17. The apparatus of claim 16, wherein the first and second scaling modules comprise scaling circuits that each include one or more components configured to perform signal scaling on the further delayed version of the second down-converted signal that was output by the second delay circuit and the subsequently delayed version of the second down-converted signal that was output by the fourth delay circuit.
18. The apparatus of claim 17, wherein the scaling circuits comprise amplifier circuits.
19. The apparatus of claim 16, wherein the apparatus for unified down-conversion and filtering is implemented in a receiver.
20. The apparatus of claim 16, wherein the apparatus for unified down-conversion and filtering is implemented in a transceiver.
21. The apparatus of claim 16, wherein the apparatus for unified down-conversion and filtering is implemented in a cellular phone.
22. The apparatus of claim 16, wherein the apparatus for unified down-conversion and filtering is implemented to process a data communication.
23. The apparatus of claim 16, wherein the apparatus for unified down-conversion and filtering is implemented in a wireless network.
24. The apparatus of claim 23, wherein the wireless network comprises a wide area network (WAN).
25. The apparatus of claim 23, wherein the wireless network comprises a local area network (LAN).
26. The apparatus of claim 23, wherein the wireless network comprises communication from a first peripheral device to a second peripheral device.
27. The apparatus of claim 16, wherein the apparatus for unified down-conversion and filtering is implemented in positioning and location circuitry.
28. The apparatus of claim 16, wherein the apparatus for unified down-conversion and filtering is implemented in Global Positioning System (GPS) circuitry.
29. The apparatus of claim 16, further comprising an output sample and hold module including a third switching device and a third storage device, the output sample and hold module storing a portion of the final down-converted, filtered output signal in the third storage module at each clock cycle of the first control signal, the stored portions of the final down-converted, filtered output signal forming a sampled, down-converted, filtered output signal.

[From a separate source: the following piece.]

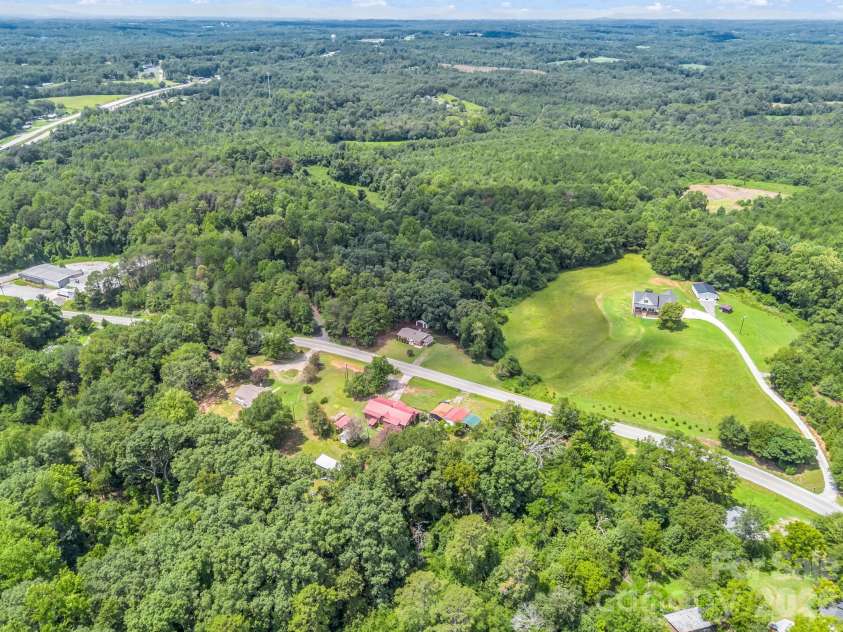 617 Harris Henrietta Road, Forest City, NC 28043.  MLS# CAR4412895, YatesRealty ID 42523.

30. An apparatus for unified down-conversion and filtering, comprising:
a down conversion module comprising first and second sampling circuits, each circuit comprised of a switching device and a storage module;
the first sampling circuit receiving as an input an RF information signal, and providing as an output a first down-converted signal;
the second sampling circuit receiving as an input the output down-converted signal from the first sampling circuit and providing as an output a second down-converted signal that is phase shifted relative to the first down-converted signal;
the switching device of the first sampling circuit receiving as an input a first control signal and the switching device of the second sampling circuit receiving as in input a second control signal that differs in phase from the first control signal; and
the first control signal controlling a charging and discharging cycle of the storage module of the first sampling circuit by controlling the switching device of the first sampling circuit so that a portion of energy is transferred from the RF information signal to the storage module of the first sampling circuit during a charging part of the cycle and a portion of the transferred energy is discharged during a discharging part of the cycle, and the first control signal operating at an aliasing rate selected so that energy of the RF information signal is sampled and applied to the storage module of the first sampling circuit at a frequency that is equal to or less than twice the frequency of the RF information signal, and wherein the storage module of the first sampling circuit generates said down-converted signal from the alternate charging and discharging applied to the storage module of the first sampling circuit using said first control signal;
a first delay module comprising first and second delay circuits;
a first delay circuit receiving at its input (i) the second down-converted signal that is phase shifted, and (ii) the first control signal, and outputting a delayed version of the second down-converted signal; and
the second delay circuit receiving at its input (i) the delayed version of the second down-converted signal, and (ii) the second control signal, and outputting a version of the second down-converted signal that is further delayed relative to the output of the first delay circuit;
a second delay module comprising third and fourth delay circuits;
the third delay circuit receiving at its input (i) the further delayed version of the second down-converted signal, and (ii) the first control signal, and outputting a subsequently delayed version of the further delayed version second down-converted signal; and
the fourth delay circuit receiving at its input (i) the subsequently delayed version of the further delayed version second down-converted signal, and (ii) the second control signal, and outputting a version of the second down-converted signal that is further delayed relative to the output of the third delay circuit;
a first scaling module that multiplies the further delayed version of the second down-converted signal that was output by the second delay circuit by a first specified value;
a second scaling module that multiplies the subsequently delayed version of the second down-converted signal that was output by the fourth delay circuit by a second specified value;
a first summing module that combines the further delayed, scaled version of the second down-converted signal output by the second delay circuit and the subsequently delayed, scaled version of the second down-converted signal output by the fourth delay circuit to create a combined delayed output signal;
a second summing module that forms a final down-converted, filtered output signal by combining the second down-converted, phase shifted signal output from the second sampling circuit and the combined delayed output signal that was output by the first summing module; and
an output sample and hold module including a third switching device and a third storage device, the output sample and hold module storing a portion of the final down-converted, filtered output signal in the third storage module at each clock cycle of the first control signal, the stored portions of the final down-converted, filtered output signal forming a sampled, down-converted, filtered output signal.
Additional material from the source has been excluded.